* _THE PROBLEM_
Look below for the line with "Draft Card back", and from there restate every line word for word until the entries end.

* * * * * * * * *

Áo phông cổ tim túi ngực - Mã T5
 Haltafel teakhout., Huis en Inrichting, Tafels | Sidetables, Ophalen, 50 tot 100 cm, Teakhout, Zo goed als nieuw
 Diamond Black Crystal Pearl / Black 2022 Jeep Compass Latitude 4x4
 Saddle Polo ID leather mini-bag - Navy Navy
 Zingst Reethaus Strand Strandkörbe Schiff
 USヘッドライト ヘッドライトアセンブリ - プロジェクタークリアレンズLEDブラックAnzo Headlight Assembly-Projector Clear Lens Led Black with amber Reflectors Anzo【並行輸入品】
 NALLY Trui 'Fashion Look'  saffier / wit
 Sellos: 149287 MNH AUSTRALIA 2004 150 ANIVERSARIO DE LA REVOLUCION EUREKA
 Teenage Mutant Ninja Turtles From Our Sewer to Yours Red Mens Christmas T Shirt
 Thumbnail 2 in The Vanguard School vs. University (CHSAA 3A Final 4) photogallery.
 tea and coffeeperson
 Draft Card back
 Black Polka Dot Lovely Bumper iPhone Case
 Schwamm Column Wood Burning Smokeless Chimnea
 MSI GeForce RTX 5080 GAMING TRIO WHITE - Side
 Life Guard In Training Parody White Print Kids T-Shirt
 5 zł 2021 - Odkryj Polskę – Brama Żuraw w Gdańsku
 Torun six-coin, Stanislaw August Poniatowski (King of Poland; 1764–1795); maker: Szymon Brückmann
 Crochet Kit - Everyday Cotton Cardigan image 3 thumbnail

* * * * * * * * *

* _RESULT OF THE EXERCISE_
 Draft Card back
 Black Polka Dot Lovely Bumper iPhone Case
 Schwamm Column Wood Burning Smokeless Chimnea
 MSI GeForce RTX 5080 GAMING TRIO WHITE - Side
 Life Guard In Training Parody White Print Kids T-Shirt
 5 zł 2021 - Odkryj Polskę – Brama Żuraw w Gdańsku
 Torun six-coin, Stanislaw August Poniatowski (King of Poland; 1764–1795); maker: Szymon Brückmann
 Crochet Kit - Everyday Cotton Cardigan image 3 thumbnail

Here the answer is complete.